#### Supplied records ####

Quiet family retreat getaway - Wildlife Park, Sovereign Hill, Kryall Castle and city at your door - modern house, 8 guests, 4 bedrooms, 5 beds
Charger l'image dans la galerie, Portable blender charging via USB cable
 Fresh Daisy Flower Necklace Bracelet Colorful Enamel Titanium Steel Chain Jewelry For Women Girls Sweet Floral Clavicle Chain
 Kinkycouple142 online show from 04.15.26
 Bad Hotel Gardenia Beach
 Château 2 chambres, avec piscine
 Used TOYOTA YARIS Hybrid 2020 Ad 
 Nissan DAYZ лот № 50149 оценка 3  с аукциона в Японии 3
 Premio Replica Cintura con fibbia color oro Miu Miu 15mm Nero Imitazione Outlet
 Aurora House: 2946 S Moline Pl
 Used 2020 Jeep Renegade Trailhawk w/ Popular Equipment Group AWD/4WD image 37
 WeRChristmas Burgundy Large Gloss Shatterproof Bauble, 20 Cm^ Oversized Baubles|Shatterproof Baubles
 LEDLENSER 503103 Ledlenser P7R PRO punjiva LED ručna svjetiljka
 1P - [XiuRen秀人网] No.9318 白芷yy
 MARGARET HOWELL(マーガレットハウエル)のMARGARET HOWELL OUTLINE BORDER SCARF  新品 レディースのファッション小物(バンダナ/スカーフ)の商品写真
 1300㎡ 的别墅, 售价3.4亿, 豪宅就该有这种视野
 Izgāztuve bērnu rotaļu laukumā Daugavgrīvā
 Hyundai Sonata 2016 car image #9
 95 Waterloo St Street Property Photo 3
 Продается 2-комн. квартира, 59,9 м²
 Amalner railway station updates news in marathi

####

Reproduce, character for character, only the lines of the preceding data that start at the line with "Aurora House: 2946 S Moline Pl" and end at the line with "Hyundai Sonata 2016 car image #9", both included.

 Aurora House: 2946 S Moline Pl
 Used 2020 Jeep Renegade Trailhawk w/ Popular Equipment Group AWD/4WD image 37
 WeRChristmas Burgundy Large Gloss Shatterproof Bauble, 20 Cm^ Oversized Baubles|Shatterproof Baubles
 LEDLENSER 503103 Ledlenser P7R PRO punjiva LED ručna svjetiljka
 1P - [XiuRen秀人网] No.9318 白芷yy
 MARGARET HOWELL(マーガレットハウエル)のMARGARET HOWELL OUTLINE BORDER SCARF  新品 レディースのファッション小物(バンダナ/スカーフ)の商品写真
 1300㎡ 的别墅, 售价3.4亿, 豪宅就该有这种视野
 Izgāztuve bērnu rotaļu laukumā Daugavgrīvā
 Hyundai Sonata 2016 car image #9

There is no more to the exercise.